*** Provided information ***

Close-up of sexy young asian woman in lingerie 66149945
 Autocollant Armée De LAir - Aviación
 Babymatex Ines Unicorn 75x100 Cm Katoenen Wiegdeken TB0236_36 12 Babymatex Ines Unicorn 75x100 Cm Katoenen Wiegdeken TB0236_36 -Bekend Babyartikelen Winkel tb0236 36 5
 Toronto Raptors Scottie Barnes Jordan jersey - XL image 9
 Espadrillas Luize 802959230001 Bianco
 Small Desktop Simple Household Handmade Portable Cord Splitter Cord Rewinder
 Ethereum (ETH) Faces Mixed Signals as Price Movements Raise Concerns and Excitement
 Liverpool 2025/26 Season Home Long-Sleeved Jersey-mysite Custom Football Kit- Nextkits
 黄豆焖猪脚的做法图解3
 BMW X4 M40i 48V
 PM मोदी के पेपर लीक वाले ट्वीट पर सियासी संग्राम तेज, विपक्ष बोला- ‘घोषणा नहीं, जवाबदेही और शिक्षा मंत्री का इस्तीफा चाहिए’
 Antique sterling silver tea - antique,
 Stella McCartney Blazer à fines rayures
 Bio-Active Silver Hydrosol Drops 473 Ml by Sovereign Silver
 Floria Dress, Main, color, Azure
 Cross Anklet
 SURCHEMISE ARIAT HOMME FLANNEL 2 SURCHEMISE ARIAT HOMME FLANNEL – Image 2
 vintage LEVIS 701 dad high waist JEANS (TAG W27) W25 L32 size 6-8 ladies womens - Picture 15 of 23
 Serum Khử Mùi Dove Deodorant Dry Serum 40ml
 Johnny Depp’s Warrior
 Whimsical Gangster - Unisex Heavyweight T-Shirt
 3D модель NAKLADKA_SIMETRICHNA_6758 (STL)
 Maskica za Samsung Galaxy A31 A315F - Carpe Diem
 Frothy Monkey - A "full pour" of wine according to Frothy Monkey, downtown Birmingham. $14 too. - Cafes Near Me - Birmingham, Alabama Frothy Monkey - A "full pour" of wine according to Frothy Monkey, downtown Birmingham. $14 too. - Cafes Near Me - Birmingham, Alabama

*** End of Provided information ***

→ Work instructions: Extract exactly the lines between the line containing "Whimsical Gangster - Unisex" and the end of the data, including both.

→ Expected answer:
 Whimsical Gangster - Unisex Heavyweight T-Shirt
 3D модель NAKLADKA_SIMETRICHNA_6758 (STL)
 Maskica za Samsung Galaxy A31 A315F - Carpe Diem
 Frothy Monkey - A "full pour" of wine according to Frothy Monkey, downtown Birmingham. $14 too. - Cafes Near Me - Birmingham, Alabama Frothy Monkey - A "full pour" of wine according to Frothy Monkey, downtown Birmingham. $14 too. - Cafes Near Me - Birmingham, Alabama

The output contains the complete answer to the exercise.